As you can imagine, the house is no different. As a professional piler, I’m raising the next generation of pilers. Their dad is a slinger, so we’re making slinger-pilers. If you recall the snake column, there was an issue finding an appropriate snake-slaying tool. That was a direct result of slinging.
I have a theory.
When you’re short on tools anyway, and then on top of that, you don’t put them away after you use them, you have to spend a rather frustrating amount of time looking for them. This, as a rule, occurs when you have the least amount of time to spend on a scavenger hunt.
Naturally, if you’ve already exhausted your patience searching for a tool you may not actually even own, by the time you find something you think might work in its place, the automatic reaction when it doesn’t is to sling it across the yard.
I don’t yet have a theory for socks stuffed into the recliner, or T-shirts lying in the hallway or towels in the bathroom floor, but I know why we can never find clean any of those.
As the junk accumulates and new piles appear at random intervals, I find I’m not as good at remembering which stack I saw this or that in, or which corner of the yard Mike slung something into.

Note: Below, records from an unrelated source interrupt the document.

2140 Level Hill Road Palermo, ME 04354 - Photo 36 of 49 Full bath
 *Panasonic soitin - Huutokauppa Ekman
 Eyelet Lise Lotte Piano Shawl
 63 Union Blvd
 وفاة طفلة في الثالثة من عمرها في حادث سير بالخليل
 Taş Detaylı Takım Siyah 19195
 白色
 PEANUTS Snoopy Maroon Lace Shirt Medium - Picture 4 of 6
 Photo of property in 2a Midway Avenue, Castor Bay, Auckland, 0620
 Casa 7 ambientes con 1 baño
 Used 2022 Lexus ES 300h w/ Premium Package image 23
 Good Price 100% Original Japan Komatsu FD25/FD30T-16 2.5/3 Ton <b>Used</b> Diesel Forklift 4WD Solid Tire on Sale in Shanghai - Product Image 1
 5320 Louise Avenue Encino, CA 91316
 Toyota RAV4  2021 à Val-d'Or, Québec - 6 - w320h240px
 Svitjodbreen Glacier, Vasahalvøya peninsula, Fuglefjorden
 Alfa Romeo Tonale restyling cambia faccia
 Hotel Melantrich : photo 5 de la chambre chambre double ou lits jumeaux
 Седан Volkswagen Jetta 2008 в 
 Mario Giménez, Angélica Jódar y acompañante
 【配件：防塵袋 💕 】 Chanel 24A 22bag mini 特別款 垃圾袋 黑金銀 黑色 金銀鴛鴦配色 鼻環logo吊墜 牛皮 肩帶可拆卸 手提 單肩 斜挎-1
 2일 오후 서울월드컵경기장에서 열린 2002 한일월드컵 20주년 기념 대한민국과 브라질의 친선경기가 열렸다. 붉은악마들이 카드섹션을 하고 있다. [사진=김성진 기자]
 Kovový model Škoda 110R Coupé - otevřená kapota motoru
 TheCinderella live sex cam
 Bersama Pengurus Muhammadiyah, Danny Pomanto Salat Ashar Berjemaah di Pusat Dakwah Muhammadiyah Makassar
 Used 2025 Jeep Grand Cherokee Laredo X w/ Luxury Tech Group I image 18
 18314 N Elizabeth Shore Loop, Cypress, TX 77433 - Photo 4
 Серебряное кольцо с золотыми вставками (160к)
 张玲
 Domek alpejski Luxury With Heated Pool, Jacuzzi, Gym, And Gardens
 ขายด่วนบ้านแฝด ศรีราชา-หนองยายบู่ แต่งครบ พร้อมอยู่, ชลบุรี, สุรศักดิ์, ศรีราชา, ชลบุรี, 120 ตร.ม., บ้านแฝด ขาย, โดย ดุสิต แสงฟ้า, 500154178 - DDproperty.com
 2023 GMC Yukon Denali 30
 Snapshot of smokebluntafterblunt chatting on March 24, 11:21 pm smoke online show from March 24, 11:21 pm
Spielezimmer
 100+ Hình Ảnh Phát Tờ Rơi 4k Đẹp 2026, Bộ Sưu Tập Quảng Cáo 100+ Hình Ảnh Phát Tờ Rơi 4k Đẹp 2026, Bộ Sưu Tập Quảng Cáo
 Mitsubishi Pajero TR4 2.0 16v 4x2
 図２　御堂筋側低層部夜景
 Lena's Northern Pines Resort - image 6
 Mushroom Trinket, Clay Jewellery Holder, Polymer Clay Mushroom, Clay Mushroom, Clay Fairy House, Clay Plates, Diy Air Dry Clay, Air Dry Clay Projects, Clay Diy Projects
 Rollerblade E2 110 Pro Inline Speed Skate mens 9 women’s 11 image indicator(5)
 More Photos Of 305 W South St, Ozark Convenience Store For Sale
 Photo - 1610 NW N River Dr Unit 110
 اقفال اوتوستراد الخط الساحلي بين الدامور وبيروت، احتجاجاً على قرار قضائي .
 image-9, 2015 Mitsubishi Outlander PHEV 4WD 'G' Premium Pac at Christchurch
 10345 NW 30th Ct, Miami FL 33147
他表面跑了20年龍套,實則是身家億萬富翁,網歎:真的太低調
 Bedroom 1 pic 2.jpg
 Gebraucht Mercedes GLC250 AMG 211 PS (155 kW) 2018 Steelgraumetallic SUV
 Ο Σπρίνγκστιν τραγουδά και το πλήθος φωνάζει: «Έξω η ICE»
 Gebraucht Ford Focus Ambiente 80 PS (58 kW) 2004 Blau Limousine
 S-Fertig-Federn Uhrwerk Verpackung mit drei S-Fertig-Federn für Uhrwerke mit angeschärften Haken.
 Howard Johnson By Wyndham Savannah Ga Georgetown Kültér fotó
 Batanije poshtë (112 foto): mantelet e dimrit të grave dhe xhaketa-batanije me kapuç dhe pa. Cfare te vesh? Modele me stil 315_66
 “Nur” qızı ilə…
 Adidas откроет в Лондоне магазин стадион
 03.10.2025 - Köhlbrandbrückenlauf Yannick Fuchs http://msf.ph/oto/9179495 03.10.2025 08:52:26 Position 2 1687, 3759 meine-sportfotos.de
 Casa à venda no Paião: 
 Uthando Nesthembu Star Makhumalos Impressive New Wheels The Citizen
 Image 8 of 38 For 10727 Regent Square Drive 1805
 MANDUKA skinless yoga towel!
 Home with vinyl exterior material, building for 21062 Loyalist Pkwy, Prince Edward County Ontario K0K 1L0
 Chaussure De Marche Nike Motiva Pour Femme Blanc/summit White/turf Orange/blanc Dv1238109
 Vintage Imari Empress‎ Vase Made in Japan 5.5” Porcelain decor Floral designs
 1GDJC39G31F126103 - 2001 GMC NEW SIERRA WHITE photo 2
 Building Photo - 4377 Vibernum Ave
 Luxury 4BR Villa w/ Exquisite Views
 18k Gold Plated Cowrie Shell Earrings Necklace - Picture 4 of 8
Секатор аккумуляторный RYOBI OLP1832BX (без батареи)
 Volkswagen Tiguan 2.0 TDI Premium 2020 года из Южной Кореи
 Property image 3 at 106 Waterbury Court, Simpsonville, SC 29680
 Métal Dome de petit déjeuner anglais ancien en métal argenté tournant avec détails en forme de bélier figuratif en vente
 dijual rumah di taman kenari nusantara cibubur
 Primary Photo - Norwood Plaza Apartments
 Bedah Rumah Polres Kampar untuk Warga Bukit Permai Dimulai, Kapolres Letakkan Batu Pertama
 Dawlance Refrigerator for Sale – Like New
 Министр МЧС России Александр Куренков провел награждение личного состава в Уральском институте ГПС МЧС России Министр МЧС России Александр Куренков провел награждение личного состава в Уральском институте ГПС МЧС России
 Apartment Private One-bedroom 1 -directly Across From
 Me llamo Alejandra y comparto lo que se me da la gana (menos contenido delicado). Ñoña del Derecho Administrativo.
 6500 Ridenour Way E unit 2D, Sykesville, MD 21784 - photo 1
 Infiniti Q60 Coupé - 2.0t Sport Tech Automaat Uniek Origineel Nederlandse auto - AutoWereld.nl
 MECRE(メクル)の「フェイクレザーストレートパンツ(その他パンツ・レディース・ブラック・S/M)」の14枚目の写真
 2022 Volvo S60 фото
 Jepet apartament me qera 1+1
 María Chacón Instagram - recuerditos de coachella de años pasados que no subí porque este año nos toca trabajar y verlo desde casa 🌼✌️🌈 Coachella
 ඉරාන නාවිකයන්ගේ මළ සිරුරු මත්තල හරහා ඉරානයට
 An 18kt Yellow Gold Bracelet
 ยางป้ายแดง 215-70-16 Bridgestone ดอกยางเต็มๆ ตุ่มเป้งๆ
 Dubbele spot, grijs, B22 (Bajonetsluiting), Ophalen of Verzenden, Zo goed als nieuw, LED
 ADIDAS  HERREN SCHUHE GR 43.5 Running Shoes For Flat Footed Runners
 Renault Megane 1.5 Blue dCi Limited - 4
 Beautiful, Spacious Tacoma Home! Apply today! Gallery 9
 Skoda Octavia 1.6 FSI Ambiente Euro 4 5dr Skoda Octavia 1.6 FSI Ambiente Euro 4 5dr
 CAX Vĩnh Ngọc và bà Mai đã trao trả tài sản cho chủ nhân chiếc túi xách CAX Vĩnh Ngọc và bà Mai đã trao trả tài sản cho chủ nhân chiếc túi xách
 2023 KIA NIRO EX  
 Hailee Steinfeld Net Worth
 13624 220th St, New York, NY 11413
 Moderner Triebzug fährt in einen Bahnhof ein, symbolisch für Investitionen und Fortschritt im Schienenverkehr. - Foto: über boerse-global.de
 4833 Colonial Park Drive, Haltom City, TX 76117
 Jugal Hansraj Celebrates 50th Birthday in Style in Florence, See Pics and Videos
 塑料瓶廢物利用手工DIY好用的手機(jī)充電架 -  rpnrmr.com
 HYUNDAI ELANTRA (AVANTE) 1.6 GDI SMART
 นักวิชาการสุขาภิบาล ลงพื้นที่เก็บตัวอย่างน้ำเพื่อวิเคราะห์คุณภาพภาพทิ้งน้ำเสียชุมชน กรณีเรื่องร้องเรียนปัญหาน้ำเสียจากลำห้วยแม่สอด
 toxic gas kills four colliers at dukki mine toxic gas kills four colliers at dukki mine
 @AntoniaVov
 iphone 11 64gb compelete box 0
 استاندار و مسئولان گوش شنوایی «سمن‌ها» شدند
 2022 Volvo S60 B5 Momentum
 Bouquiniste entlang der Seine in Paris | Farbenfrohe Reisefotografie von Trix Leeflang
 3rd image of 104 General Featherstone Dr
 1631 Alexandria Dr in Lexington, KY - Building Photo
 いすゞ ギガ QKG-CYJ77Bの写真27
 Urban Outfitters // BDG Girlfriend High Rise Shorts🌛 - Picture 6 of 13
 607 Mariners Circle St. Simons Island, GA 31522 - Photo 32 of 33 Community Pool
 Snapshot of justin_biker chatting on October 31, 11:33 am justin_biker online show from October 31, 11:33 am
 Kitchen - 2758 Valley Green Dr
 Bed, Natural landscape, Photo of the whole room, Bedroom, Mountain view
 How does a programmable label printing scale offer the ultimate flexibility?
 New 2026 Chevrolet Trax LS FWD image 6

I really thought my time had come when I went to the standard spot where I usually find that wrench thing he uses to change the oil in his truck -- and it wasn’t there. What? It’s always there, right between the front wheels. He changes the oil where he parks, and he always leaves the oil pan and that thing right beside it. It stays there rain or shine when he leaves to go to work, and it’s always sitting right there when he parks in the evening. I started using the oil pan as a daytime rain gauge.
He never remembers that, so while he’s muttering under his breath because he can’t find it, I just go crawl under his truck and get it. I get a sort of twisted satisfaction out of elaborately dusting the grass off my knees and then quietly handing it to him.
But this time, it wasn’t there. I was really upset. It had become the one thing I could count on, and IT WASN’T THERE. Turns out the dog is a piler, too, and she’s started collecting all the things we leave in the yard that she can carry. I never asked Zeke where he found that hoe we smashed the snake with, but I’ll lay odds it was in the flower bed where the dog sleeps. Why not? There aren’t any flowers in there.
I actually used to work pretty hard at putting things back where they belonged and trying to keep things picked up, so I was the resident expert on where everything was. Every conversation seemed to start with “Have you seen ...” or “Do you know where ...” fill in the blank. The speaker varied, but the response was the same. Sigh. Most of the time I could come up with whatever was lost.
Zeke, bless his heart, rarely makes me look for anything. He piles and slings in his own room — we don’t go in there — but I’d like to have the hours back I’ve spent looking for Mike’s flash drive, or Zoey’s other shoe. And batteries. And matches.
I decided it wasn’t a fun game, however, so I took my toys and went home, so to speak ... now I can’t find them.
The other morning I was late to work, like that’s a bulletin, when I realized I had the interviews for four different stories in the one notebook I could not find. I flew through the house in hysteria, instantly transforming into a slinger. Nothing. I ran to the truck and slung some more. Still nothing. Finally, I knew I had no choice.
I ran into the bedroom, where Mike was peacefully sleeping through two storms, mine and the weather.
I pounced.
“Have you seen that black notebook I had yesterday? It has my life in it and I CAN’T FIND IT.”
He wasn’t awake enough to realize he shouldn’t ask me if I’d looked everywhere. I think I might have yelled a little.
It really is always in the last place you look. Guess where it was. At the barn. I don’t know why, but that’s where it was. Kind of like finding your car keys in the refrigerator, don’t you think?
Once he was awake enough to remember my early morning attack, he called me to let me know he was mad, but he had to try twice.
I have two phones now. One is my personal cell, the one whose space bar doesn’t work, and the other is my work cell. It’s good I have them. I use the one I can find to call and find the one I’ve lost. Lucky they’re always lost somewhere in the house. Yesterday, that didn’t work out, though.
I lost them both and had to borrow Mike’s phone. Fortunately, he wasn’t mad anymore.